TASK PROMPT: "Cesta para Plantas" appears in one line; retype that line and all lines following it through the end of the records, with nothing left out or added.
::: SUPPLIED DATA :::
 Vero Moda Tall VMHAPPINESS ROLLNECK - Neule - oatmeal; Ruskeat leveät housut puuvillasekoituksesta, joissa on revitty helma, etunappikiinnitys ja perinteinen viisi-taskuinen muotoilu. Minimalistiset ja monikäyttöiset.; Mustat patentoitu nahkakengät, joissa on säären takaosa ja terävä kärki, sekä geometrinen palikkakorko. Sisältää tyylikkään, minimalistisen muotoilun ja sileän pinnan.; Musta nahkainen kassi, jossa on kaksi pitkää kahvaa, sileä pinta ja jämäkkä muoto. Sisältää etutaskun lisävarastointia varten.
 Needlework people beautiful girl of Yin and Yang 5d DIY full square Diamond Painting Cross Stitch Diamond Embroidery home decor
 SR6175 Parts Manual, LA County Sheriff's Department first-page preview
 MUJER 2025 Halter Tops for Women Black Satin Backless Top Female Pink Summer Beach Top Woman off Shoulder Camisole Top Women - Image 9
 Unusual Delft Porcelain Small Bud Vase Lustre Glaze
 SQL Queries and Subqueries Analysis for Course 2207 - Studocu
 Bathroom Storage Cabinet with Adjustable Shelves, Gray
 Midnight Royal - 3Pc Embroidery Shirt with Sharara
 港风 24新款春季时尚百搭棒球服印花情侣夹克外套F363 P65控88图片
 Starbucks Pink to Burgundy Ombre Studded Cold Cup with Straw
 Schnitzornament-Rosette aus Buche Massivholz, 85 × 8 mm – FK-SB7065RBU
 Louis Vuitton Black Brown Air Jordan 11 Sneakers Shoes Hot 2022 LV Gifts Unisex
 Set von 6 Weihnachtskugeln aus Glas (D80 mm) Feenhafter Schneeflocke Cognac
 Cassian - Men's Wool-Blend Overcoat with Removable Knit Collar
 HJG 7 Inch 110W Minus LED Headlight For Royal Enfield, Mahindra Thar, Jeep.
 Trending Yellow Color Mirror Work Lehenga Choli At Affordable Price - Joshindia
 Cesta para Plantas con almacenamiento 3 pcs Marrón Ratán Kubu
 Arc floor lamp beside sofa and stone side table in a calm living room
:::
RESPONSE:
 Cesta para Plantas con almacenamiento 3 pcs Marrón Ratán Kubu
 Arc floor lamp beside sofa and stone side table in a calm living room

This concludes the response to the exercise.